WORK INSTRUCTION:
From the data that follows, print exactly the lines starting at the one containing "meal. Lush, verdant" and ending at the one containing "Ms. Wexler presenting"; include both of them and nothing more.

Short text fragments from websites
•••

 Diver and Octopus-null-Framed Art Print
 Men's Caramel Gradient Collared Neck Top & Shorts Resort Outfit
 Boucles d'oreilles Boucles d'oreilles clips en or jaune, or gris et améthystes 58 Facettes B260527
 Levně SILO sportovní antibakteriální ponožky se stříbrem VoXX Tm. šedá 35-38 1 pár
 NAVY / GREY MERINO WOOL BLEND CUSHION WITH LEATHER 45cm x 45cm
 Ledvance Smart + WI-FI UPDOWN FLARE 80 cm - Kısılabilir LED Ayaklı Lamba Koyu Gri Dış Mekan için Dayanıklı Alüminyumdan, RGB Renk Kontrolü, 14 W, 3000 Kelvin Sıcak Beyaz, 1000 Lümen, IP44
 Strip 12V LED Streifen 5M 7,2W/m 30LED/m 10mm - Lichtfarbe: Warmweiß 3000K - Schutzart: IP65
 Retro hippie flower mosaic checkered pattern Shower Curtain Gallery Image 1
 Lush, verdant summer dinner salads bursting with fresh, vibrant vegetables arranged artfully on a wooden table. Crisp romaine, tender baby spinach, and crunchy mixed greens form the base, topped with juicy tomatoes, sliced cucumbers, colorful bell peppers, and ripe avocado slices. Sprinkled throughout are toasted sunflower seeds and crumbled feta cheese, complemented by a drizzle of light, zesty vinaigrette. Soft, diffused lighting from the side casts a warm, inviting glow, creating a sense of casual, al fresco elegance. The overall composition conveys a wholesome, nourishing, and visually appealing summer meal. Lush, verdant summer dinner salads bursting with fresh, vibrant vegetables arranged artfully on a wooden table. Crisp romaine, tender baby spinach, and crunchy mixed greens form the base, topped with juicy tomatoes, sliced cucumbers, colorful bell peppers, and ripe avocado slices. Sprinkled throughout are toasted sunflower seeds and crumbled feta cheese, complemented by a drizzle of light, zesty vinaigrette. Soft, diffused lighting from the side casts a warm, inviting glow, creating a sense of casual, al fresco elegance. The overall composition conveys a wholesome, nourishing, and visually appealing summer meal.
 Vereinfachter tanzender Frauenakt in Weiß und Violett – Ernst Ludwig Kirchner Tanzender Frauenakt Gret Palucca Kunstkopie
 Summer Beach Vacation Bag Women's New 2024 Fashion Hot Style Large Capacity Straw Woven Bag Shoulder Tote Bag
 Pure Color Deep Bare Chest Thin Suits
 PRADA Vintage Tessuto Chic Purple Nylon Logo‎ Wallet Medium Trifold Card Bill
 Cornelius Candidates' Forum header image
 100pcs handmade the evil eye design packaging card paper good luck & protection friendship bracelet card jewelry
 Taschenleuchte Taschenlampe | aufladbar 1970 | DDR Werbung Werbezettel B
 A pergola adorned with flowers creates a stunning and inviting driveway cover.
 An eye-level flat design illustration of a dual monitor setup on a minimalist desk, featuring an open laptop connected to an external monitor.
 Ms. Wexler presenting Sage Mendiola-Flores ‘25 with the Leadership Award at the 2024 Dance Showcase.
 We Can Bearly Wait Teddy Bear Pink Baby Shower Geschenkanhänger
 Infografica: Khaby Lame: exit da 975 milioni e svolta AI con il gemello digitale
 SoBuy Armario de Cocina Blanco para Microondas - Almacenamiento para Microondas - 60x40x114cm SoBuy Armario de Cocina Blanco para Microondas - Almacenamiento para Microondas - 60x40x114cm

•••

TASK SOLUTION:
 Lush, verdant summer dinner salads bursting with fresh, vibrant vegetables arranged artfully on a wooden table. Crisp romaine, tender baby spinach, and crunchy mixed greens form the base, topped with juicy tomatoes, sliced cucumbers, colorful bell peppers, and ripe avocado slices. Sprinkled throughout are toasted sunflower seeds and crumbled feta cheese, complemented by a drizzle of light, zesty vinaigrette. Soft, diffused lighting from the side casts a warm, inviting glow, creating a sense of casual, al fresco elegance. The overall composition conveys a wholesome, nourishing, and visually appealing summer meal. Lush, verdant summer dinner salads bursting with fresh, vibrant vegetables arranged artfully on a wooden table. Crisp romaine, tender baby spinach, and crunchy mixed greens form the base, topped with juicy tomatoes, sliced cucumbers, colorful bell peppers, and ripe avocado slices. Sprinkled throughout are toasted sunflower seeds and crumbled feta cheese, complemented by a drizzle of light, zesty vinaigrette. Soft, diffused lighting from the side casts a warm, inviting glow, creating a sense of casual, al fresco elegance. The overall composition conveys a wholesome, nourishing, and visually appealing summer meal.
 Vereinfachter tanzender Frauenakt in Weiß und Violett – Ernst Ludwig Kirchner Tanzender Frauenakt Gret Palucca Kunstkopie
 Summer Beach Vacation Bag Women's New 2024 Fashion Hot Style Large Capacity Straw Woven Bag Shoulder Tote Bag
 Pure Color Deep Bare Chest Thin Suits
 PRADA Vintage Tessuto Chic Purple Nylon Logo‎ Wallet Medium Trifold Card Bill
 Cornelius Candidates' Forum header image
 100pcs handmade the evil eye design packaging card paper good luck & protection friendship bracelet card jewelry
 Taschenleuchte Taschenlampe | aufladbar 1970 | DDR Werbung Werbezettel B
 A pergola adorned with flowers creates a stunning and inviting driveway cover.
 An eye-level flat design illustration of a dual monitor setup on a minimalist desk, featuring an open laptop connected to an external monitor.
 Ms. Wexler presenting Sage Mendiola-Flores ‘25 with the Leadership Award at the 2024 Dance Showcase.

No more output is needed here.